Scraped caption text data:
- - -
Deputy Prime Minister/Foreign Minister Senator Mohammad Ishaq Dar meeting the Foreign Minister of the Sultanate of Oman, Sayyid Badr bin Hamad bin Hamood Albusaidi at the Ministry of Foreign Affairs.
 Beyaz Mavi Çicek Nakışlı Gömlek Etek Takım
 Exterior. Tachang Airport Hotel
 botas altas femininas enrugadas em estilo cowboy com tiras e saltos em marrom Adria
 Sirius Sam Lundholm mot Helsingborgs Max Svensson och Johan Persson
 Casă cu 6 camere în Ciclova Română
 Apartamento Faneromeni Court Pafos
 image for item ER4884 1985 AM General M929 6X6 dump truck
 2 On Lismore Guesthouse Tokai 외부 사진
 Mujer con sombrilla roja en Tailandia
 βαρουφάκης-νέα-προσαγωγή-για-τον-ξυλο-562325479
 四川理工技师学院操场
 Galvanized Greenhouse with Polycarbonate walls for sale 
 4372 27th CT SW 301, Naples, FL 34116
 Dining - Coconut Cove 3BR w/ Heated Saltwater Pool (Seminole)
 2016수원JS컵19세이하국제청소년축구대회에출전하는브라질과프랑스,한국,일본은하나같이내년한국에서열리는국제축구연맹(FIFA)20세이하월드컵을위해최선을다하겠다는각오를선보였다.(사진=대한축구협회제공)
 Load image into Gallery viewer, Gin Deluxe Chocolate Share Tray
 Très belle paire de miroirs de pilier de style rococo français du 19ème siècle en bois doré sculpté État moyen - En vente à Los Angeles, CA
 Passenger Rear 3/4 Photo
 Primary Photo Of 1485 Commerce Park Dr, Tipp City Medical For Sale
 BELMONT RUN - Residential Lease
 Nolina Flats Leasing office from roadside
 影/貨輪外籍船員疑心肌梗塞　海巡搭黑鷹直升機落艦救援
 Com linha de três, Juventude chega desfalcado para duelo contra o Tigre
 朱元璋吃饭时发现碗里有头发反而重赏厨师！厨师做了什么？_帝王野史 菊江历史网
- - -
YOUR INSTRUCTIONS — Nothing but the lines above from the one containing "botas altas femininas" through the one containing "Dining - Coconut" should appear in the answer, each repeated exactly.

ANSWER BOX —
 botas altas femininas enrugadas em estilo cowboy com tiras e saltos em marrom Adria
 Sirius Sam Lundholm mot Helsingborgs Max Svensson och Johan Persson
 Casă cu 6 camere în Ciclova Română
 Apartamento Faneromeni Court Pafos
 image for item ER4884 1985 AM General M929 6X6 dump truck
 2 On Lismore Guesthouse Tokai 외부 사진
 Mujer con sombrilla roja en Tailandia
 βαρουφάκης-νέα-προσαγωγή-για-τον-ξυλο-562325479
 四川理工技师学院操场
 Galvanized Greenhouse with Polycarbonate walls for sale 
 4372 27th CT SW 301, Naples, FL 34116
 Dining - Coconut Cove 3BR w/ Heated Saltwater Pool (Seminole)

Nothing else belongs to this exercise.